The oral arguments come in a case regarding the use of facts available against a Tawainese steel nails exporter, Unicatch Industrial, that failed to submit a complete cost reconciliation in the way the Commerce Department required. All of the requested information, however, was already on the record, the exporter says.
CAFC asked Bae why Commerce hadn’t mentioned Unicatch’s missing cost reconciliation in its third supplemental request for information from the exporter -- the error that resulted in it catching AFA.
She said that she couldn’t speculate why Commerce hadn’t mentioned its dissatisfaction with Unicatch’s data in its third questionnaire, but that Unicatch had already had three chances to respond to the department's questions completely and, by law, “Commerce wasn’t required to give them a fourth bite at the apple.”
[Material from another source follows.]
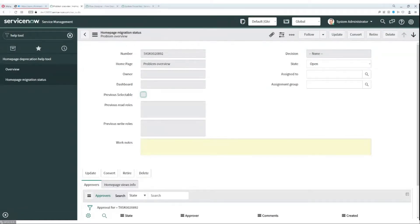Assigned to is populated when one or more home pages are assigned to a single user. Then we have state — there are two possible options: open if the admin hasn't addressed the home page, and closed/complete if the home page is converted, retired, or restored. Decision indicates which action can be taken: converted, retired, or restored.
“Commerce, using the roadmap Unicatch gave it, tried to finish this reconciliation, tried to fill the gap in the record, went above and beyond and still couldn’t do it,” she said.
CAFC turned to Adam Gordon, attorney for petitioner Mid Continent Steel and Wire, again raising the issue of the third questionnaire.
The court asked, “Perhaps they thought that they had cleaned up their act because the third supplemental request didn’t request further information about reconciliation?”
It also said that the error hadn’t been intentional, and that that was a relevant consideration when assigning AFA.
CAFC also asked Ned Marshak, the attorney representing plaintiff-appellants Unicatch Industrial, TC International, Hor Liang Industrial and Romp Coil Nails Industries, what he made of the fact that Commerce hadn’t mentioned any concern about Unicatch’s cost reconciliation in its third questionnaire.
The department’s first supplemental request didn’t mention it, he said. Its second, he said, “mentioned it in a cryptic manner,” and its third again didn’t bring it up. Saying he was speculating before the court, Marshak argued that “somebody, someplace had a change of heart” that resulted in Unicatch’s AD margin jumping from 34.2% to an AFA-based 78.17% between Commerce’s preliminary and final results.
“I don’t know who,” he said. “But you shouldn’t do that. You don’t give somebody the death penalty after you originally say it’s OK … . It wasn’t complete originally, but somebody in Commerce, the people who are looking at the data, saw that it was enough.”